All of lore.kernel.org
 help / color / mirror / Atom feed
From: "Rafael J. Wysocki" <rjw@sisk.pl>
To: Alan Jenkins <alan-jenkins@tuffmail.co.uk>
Cc: Mel Gorman <mel@csn.ul.ie>,
	linux-kernel <linux-kernel@vger.kernel.org>,
	hugh.dickins@tiscali.co.uk,
	pm list <linux-pm@lists.linux-foundation.org>,
	Kernel Testers List <kernel-testers@vger.kernel.org>,
	Alan Jenkins <sourcejedi.lkml@googlemail.com>
Subject: Re: s2disk hang update
Date: Tue, 16 Feb 2010 00:08:51 +0100	[thread overview]
Message-ID: <201002160008.51875.rjw__30604.8665698201$1266275467$gmane$org@sisk.pl> (raw)
In-Reply-To: <4B718F11.2010402@tuffmail.co.uk>

On Tuesday 09 February 2010, Alan Jenkins wrote:
> Alan Jenkins wrote:
> > On 2/2/10, Rafael J. Wysocki <rjw@sisk.pl> wrote:
> >   
> >> On Tuesday 02 February 2010, Alan Jenkins wrote:
> >>     
> >>> On 1/2/10, Rafael J. Wysocki <rjw@sisk.pl> wrote:
> >>>       
> >>>> On Saturday 02 January 2010, Alan Jenkins wrote:
> >>>> Hi,
> >>>>
> >>>>         
> >>>>> I've been suffering from s2disk hangs again.  This time, the hangs
> >>>>> were always before the hibernation image was written out.
> >>>>>
> >>>>> They're still frustratingly random.  I just started trying to work out
> >>>>> whether doubling PAGES_FOR_IO makes them go away, but they went away
> >>>>> on their own again.
> >>>>>
> >>>>> I did manage to capture a backtrace with debug info though.  Here it
> >>>>> is for 2.6.33-rc2.  (It has also happened on rc1).  I was able to get
> >>>>> the line numbers (using gdb, e.g.  "info line
> >>>>> *stop_machine_create+0x27"), having built the kernel with debug info.
> >>>>>
> >>>>> [top of trace lost due to screen height]

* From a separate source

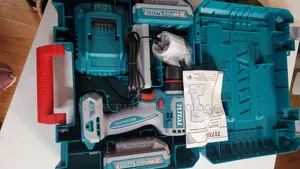 Total 20V Brushless Cordless Compact Impact Drill / Driver Kit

> >>>>> ? sync_page	(filemap.c:183)
> >>>>> ? wait_on_page_bit	(filemap.c:506)
> >>>>> ? wake_bit_function	(wait.c:174)
> >>>>> ? shrink_page_list	(vmscan.c:696)
> >>>>> ? __delayacct_blkio_end	(delayacct.c:94)
> >>>>> ? finish_wait	(list.h:142)
> >>>>> ? congestion_wait	(backing-dev.c:761)
> >>>>> ? shrink_inactive_list	(vmscan.c:1193)
> >>>>> ? scsi_request_fn	(spinlock.h:306)
> >>>>> ? blk_run_queue	(blk-core.c:434)
> >>>>> ? shrink_zone	(vmscan.c:1484)
> >>>>> ? do_try_to_free_pages	(vmscan.c:1684)
> >>>>> ? try_to_free_pages	(vmscan.c:1848)
> >>>>> ? isolate_pages_global	(vmscan.c:980)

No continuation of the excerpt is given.